Analysis: Auto industry's resurgence turns into political asset for President Obama
Melanie Maxwell | AnnArbor.com
The resurgence of the U.S. auto industry is quickly turning into a political asset for President Barack Obama.
Obama, speaking this morning to a crowd of 4,000 at the University of Michigan in Ann Arbor, was not bashful about highlighting the auto industry's comeback.
"We placed our bets on the American auto industry and today the American auto industry is back," he said. "Jobs are coming back."
Obama's comments come as General Motors, Ford and Chrysler are collectively expected to add several thousand jobs in Michigan and throughout the U.S. in 2012.
That comes on top of thousands of jobs they've added since the implosion of the industry in 2009, when GM and Chrysler filed for bankruptcy backed by $50 billion in funds from the federal government.
Michigan's manufacturing sector is expected to account for about 27.3 percent of the state's new jobs over the next two years, according to a forecast in November by U-M economists. The sector, which added 19,000 jobs in 2010 and 25,000 in 2011, is expected to add 21,000 over the next two years.
Although the auto bailouts weren't altogether popular at first, the Obama administration now believes that the bailouts will prove to be a valuable political tool.
"Some politicians were willing to let this die," Obama said at the Al Glick Field House. "We said no — we believe in the workers of this state. I believe in American ingenuity."
Obama's comments reflect a "very thinly veiled" slam at former Massachusetts Gov. Mitt Romney, said Michael Traugott, a University of Michigan political scientist.
"He declared it a non-campaign event so that expenses would be covered by the White House," Traugott said of Obama's appearance in Ann Arbor. "But once the (Republican presidential) primary started — even back into the fall — he’s moved into campaign mode."
For Obama, Romney looms as a significant threat to win Michigan if he secures the Republican presidential nomination.
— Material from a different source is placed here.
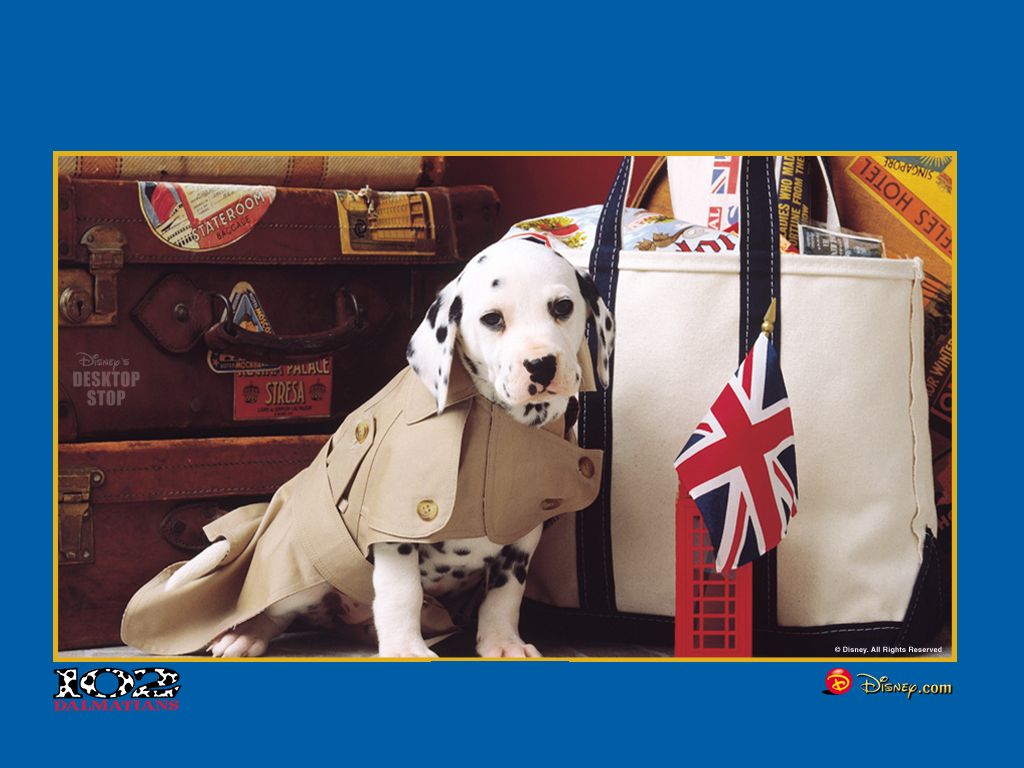 free 102 Dalmatians 800x600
Although an EPIC-MRA poll released Friday by the Detroit Free Press indicated that Obama leads Romney by about 8 percentage points in a hypothetical Michigan matchup, political analysts say Romney could win the state, which would deal a huge blow to Obama's re-election prospects.
But in Michigan, Romney will be forced to defend a New York Times editorial titled "Let Detroit Go Bankrupt" that he published during the auto crisis.
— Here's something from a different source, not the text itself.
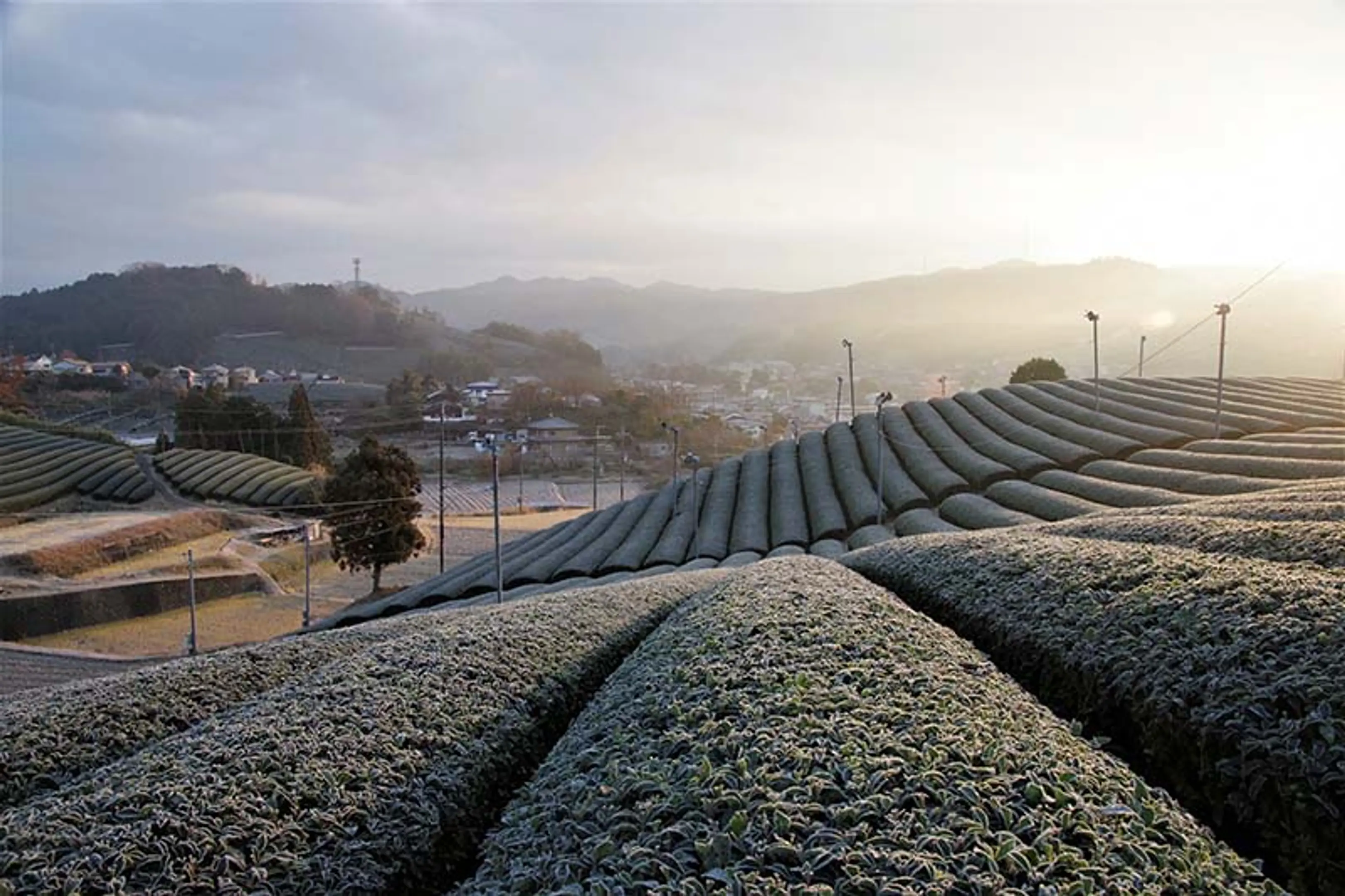 茶畑トレイル＆選べる和束ティーリトリート／冬のプライベート旅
Offering a preemptive retort, Romney released an open letter to the president this morning asserting that Obama's "promises now ring hollow."
"If you have brought new ideas to Michigan for creating jobs, why have you waited three years to unveil them? Have you suddenly had a revelation, or is it because 2012 is an election year? Whatever the case, what you are offering Michigan now is too little, too late," Romney wrote.
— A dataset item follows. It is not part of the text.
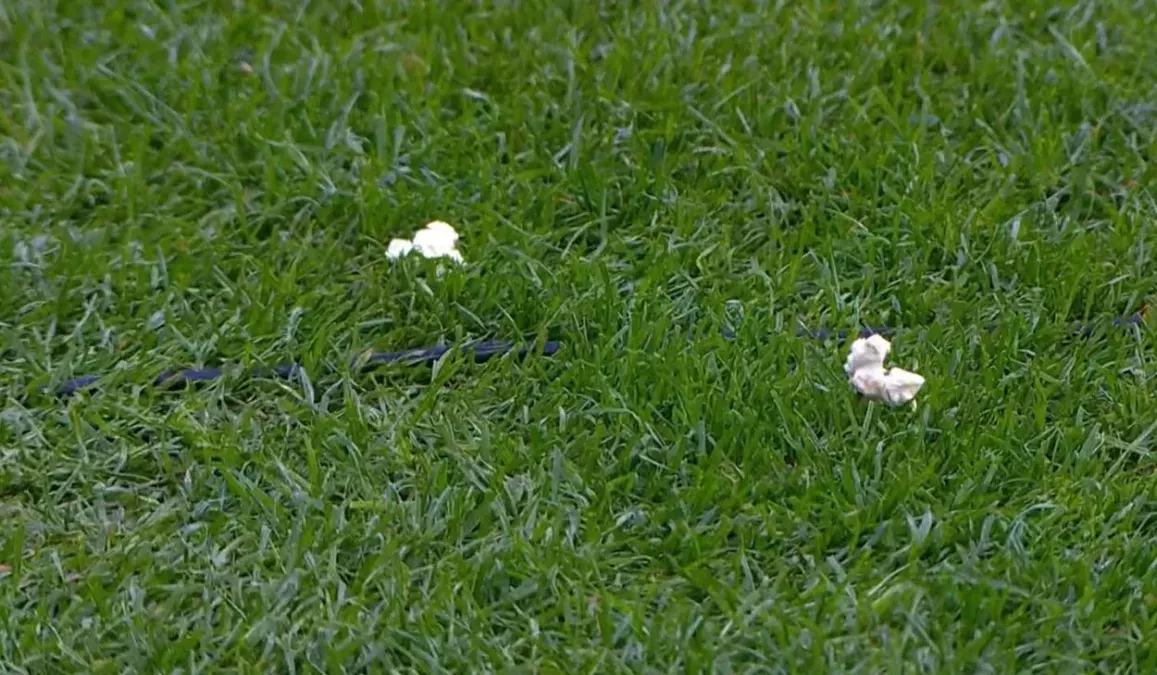Pipocas no gramado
He added: "What Michigan needs, and what the country needs, is not four more years of economic mismanagement and failed leadership, but a fundamental change in direction. I was born and raised in Michigan at a time when our state was the pride of America. With new leadership, Michigan can feel that pride once more."
Without mentioning Romney, Obama portrayed himself as a leading proponent of manufacturing in a state where manufacturing is still king.
"Part of my argument — part of the argument of Michigan’s congressional delegation — is that when manufacturing does well, the entire economy does well," he said. "The service sector does well if manufacturing’s doing well. So we’ve got to make sure America isn’t just buying stuff but we’re also selling stuff all around the world — products stamped with those three proud words: 'Made in America.'"
Traugott said Obama's message on manufacturing would not just appeal to the Rust Belt.
"I don’t think that any major world economy can ignore manufacturing as a foundational element, so I think that’s a theme that plays all across the country," he said.
Much of Obama's speech was recycled from his State of the Union address Tuesday, when he reiterated his support for higher taxes on Americans making more than $250,000 a year.
Although congressional Republicans are likely to block efforts to raise taxes on the richest citizens, Obama's message found a receptive audience in Ann Arbor.
Obama's focus on college affordability reflects a "populist theme because college is expensive," Traugott said.
Much of the blame for rising tuition falls to reduced support from state governments.
"The federal government actually has a limited degree of freedom in influencing colleges," Traugott said. "But he does have some levers that he can pull."